While OpenGL was an established graphics API, Talisman was an internal Microsoft technology that came out of Microsoft Research, which had been started by Nathan Myhrvold in 1991 with the sole purpose of exploring new technologies that would allow Microsoft to stay ahead of its competition and build up a portfolio of patents. Unlike every other division, Microsoft Research, or just Research as people referred to it, had no requirement to develop products or to make money directly. They were pure research. But Myhrvold realized that research without products would not be as effective as it should be, and so Research often worked directly with product groups to implement their technologies into practical implementations.

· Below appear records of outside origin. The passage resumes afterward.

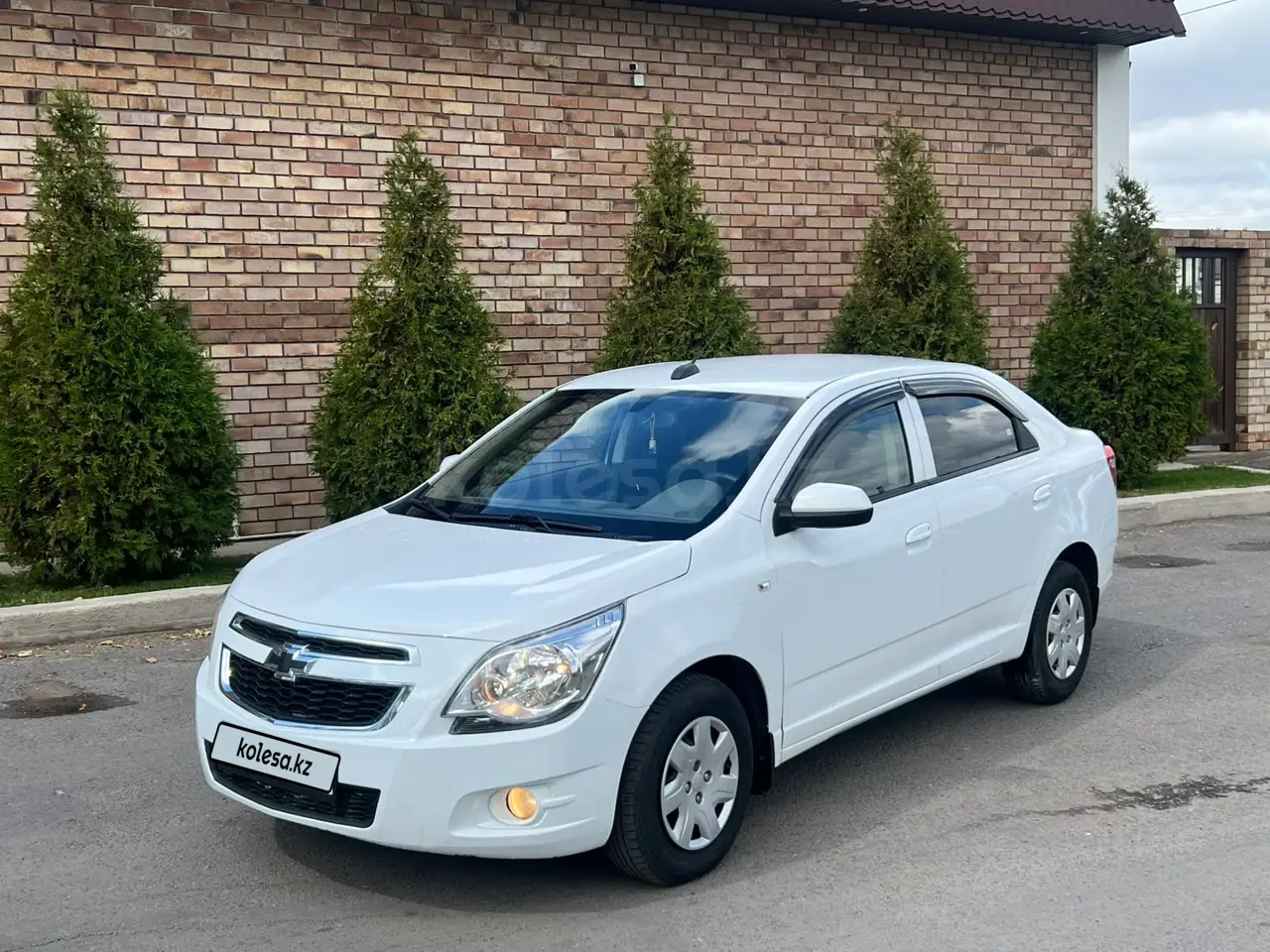 Chevrolet Cobalt, 2020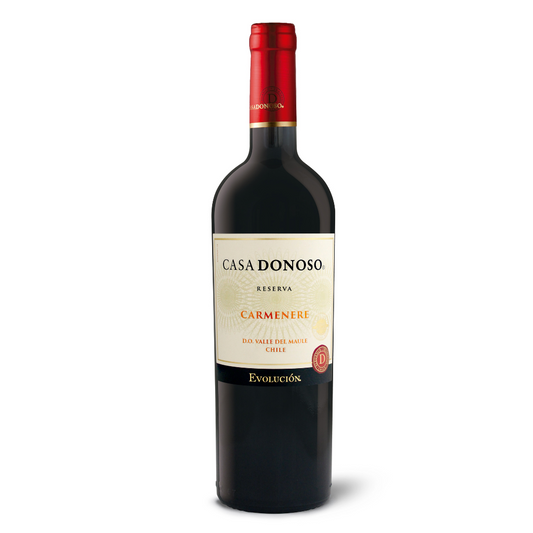 Vino Evolución Reserva Carmenere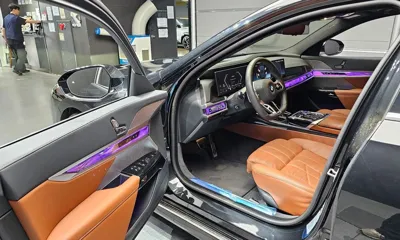BMW 7-Series 2025, 20787 км, за 113000000 KRW - фото 10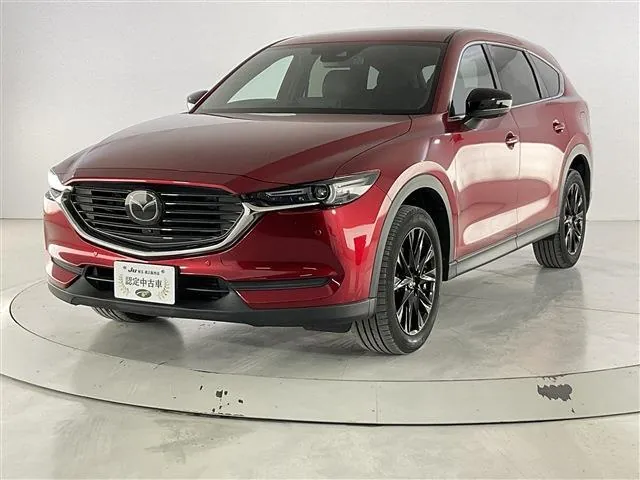 Mitsubishi Cx-8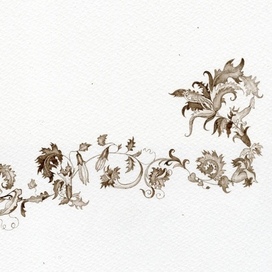 Узор для карт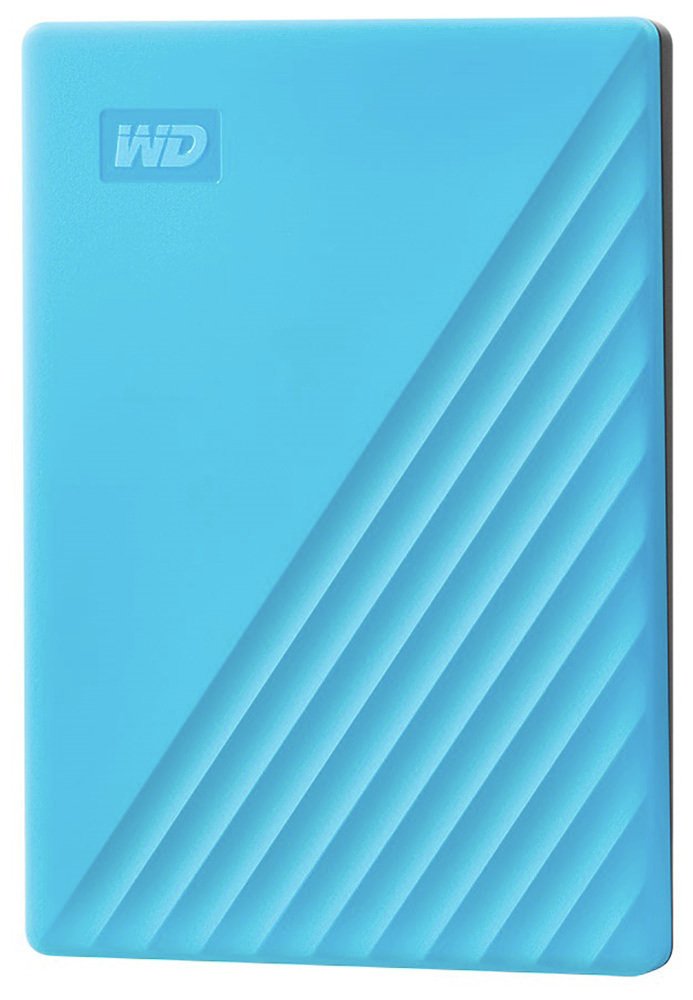 WD Passport 2TB Portable Hard Drive Review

One of those implementations was Talisman, a clever and somewhat complicated technology designed to speed up 3D animation rendering by only requiring a program to re-render the parts of an image that actually changed, and not the whole image. By doing so, it saved resources and sped up the process, in theory quite dramatically.

Bill Gates was intrigued by Talisman and supported it, but members of the DirectX team, including St. John and evangelist Ty Graham hated it. There are many stories about the internal battles over Talisman, with rationale provided on both sides of the argument, but in the end, Talisman took too long to get to market, and by the time it was ready to be released, the graphics market had passed it by. For that and other reasons, Talisman was ultimately abandoned. OpenGL, on the other hand, was a different story. The battles between advocates of OpenGL and Direct3D raged for many months, escalating when graphics guru John Carmack wrote what was to become an infamous post on a user group that blasted Direct3D and fully endorsed OpenGL. This came as a shock to the DirectX team because previously Carmack had been very supportive.

The Carmack post ignited some acrimonious argument over emails and raised a lot of questions about which standard Microsoft should adopt.